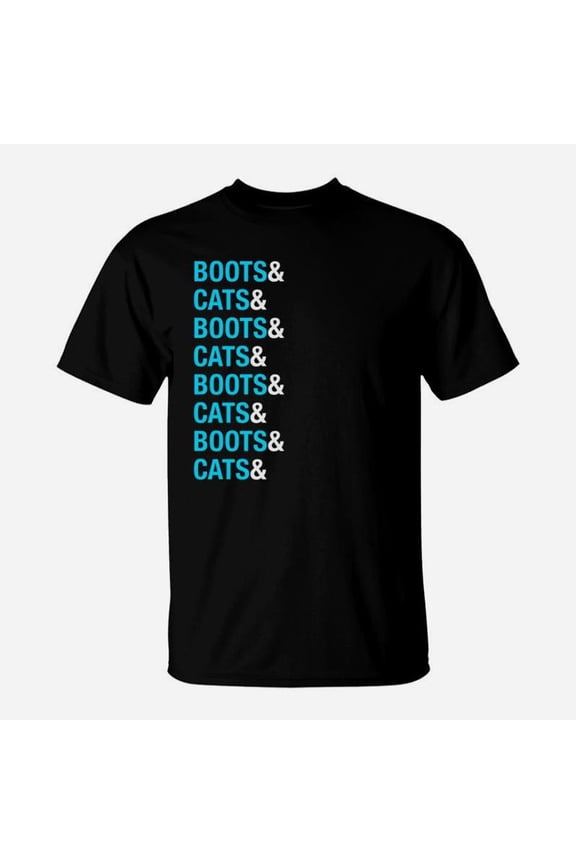 Boots Cats Funny Edm Rave Festival Techno TShirt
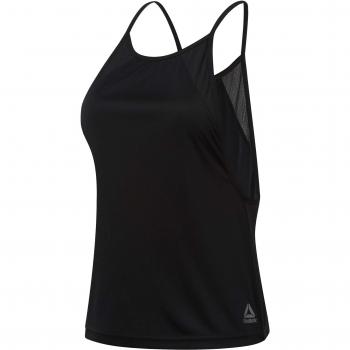 Reebok Tank Feminina Manga Curta Sport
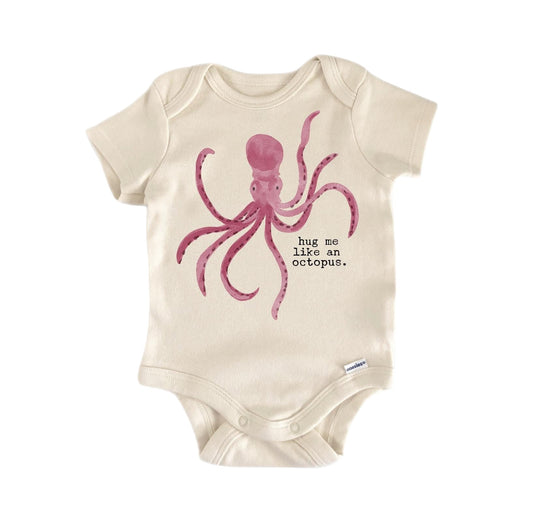 Octopus Ocean Seafood Newborn Baby Onesie® Onesie®
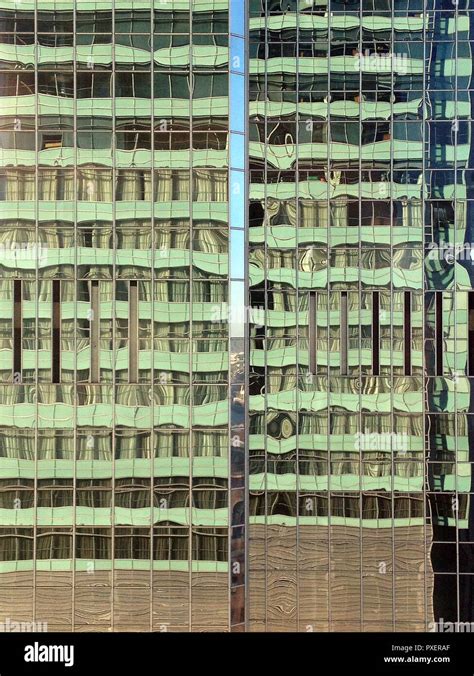 The Glass Facade Of The Chase Tower In Downtown Phoenix Arizona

- - - - -

A faithful transcription of the material, with no pictures, is the expected result.

 Boots Cats Funny Edm Rave Festival Techno TShirt
 Reebok Tank Feminina Manga Curta Sport
 Octopus Ocean Seafood Newborn Baby Onesie® Onesie®
 The Glass Facade Of The Chase Tower In Downtown Phoenix Arizona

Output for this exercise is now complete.